Short web captions
▼
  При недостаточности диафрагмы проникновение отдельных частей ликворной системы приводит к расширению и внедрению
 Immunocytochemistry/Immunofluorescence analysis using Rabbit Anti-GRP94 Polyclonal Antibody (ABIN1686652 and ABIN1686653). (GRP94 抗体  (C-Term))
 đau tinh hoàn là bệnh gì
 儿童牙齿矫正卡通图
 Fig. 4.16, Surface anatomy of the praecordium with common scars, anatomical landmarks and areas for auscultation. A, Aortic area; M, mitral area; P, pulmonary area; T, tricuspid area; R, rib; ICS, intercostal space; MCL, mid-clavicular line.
▲
▼
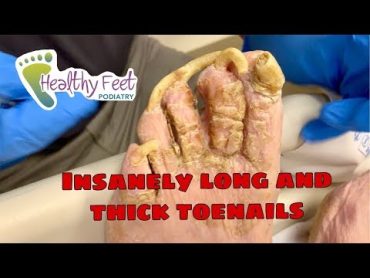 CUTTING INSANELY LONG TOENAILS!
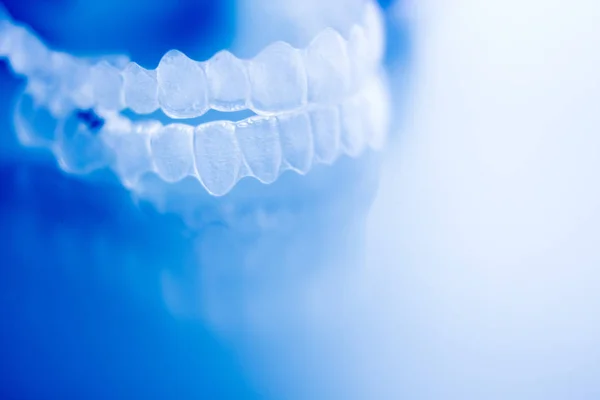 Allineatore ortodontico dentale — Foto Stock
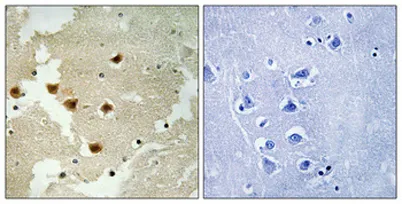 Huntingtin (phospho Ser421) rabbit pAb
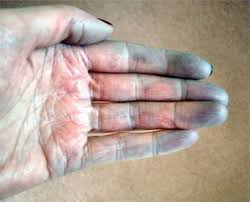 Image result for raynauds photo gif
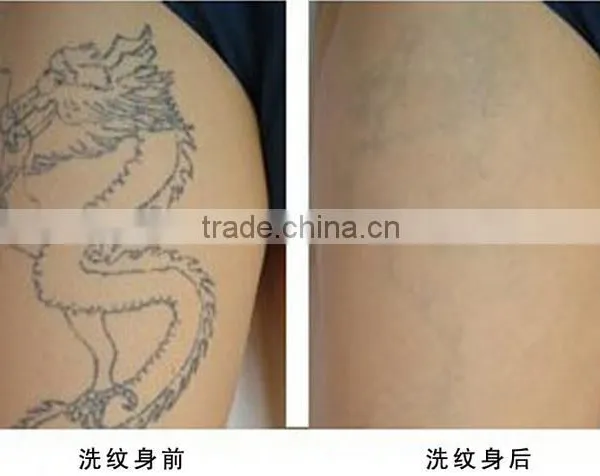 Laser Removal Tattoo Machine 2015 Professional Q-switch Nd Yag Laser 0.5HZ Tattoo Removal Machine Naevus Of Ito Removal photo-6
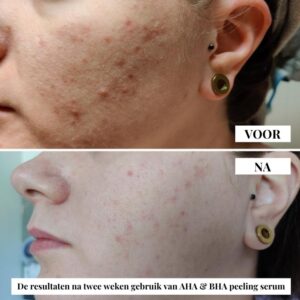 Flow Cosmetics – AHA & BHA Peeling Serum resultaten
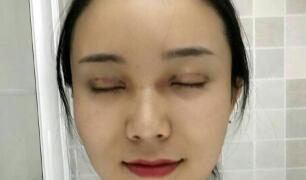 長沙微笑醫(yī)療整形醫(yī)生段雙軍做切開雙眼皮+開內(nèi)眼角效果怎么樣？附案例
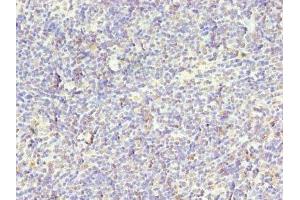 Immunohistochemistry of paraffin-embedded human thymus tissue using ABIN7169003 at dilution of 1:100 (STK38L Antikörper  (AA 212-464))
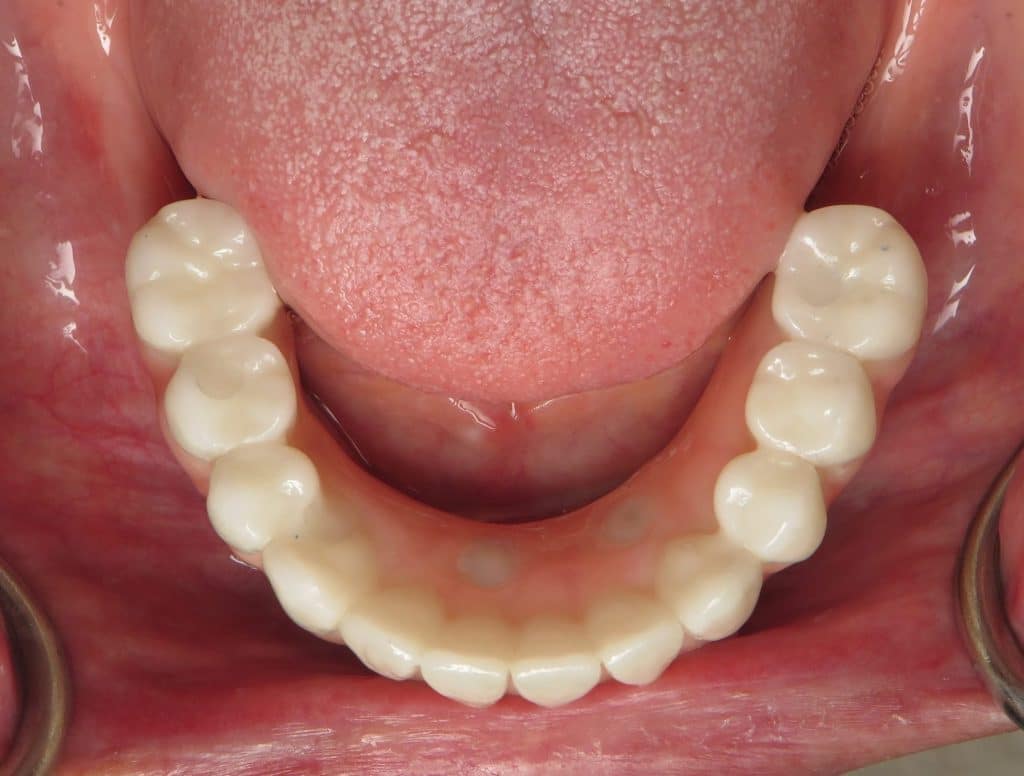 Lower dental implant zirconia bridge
▲
▶ [What the task requires]:
Keeping every character as it is, restate the lines above that run from the line with "При недостаточности диафрагмы" through the line with "Fig. 4.16, Surface", both included, and nothing else.

▶ [Reply to the task]:
  При недостаточности диафрагмы проникновение отдельных частей ликворной системы приводит к расширению и внедрению
 Immunocytochemistry/Immunofluorescence analysis using Rabbit Anti-GRP94 Polyclonal Antibody (ABIN1686652 and ABIN1686653). (GRP94 抗体  (C-Term))
 đau tinh hoàn là bệnh gì
 儿童牙齿矫正卡通图
 Fig. 4.16, Surface anatomy of the praecordium with common scars, anatomical landmarks and areas for auscultation. A, Aortic area; M, mitral area; P, pulmonary area; T, tricuspid area; R, rib; ICS, intercostal space; MCL, mid-clavicular line.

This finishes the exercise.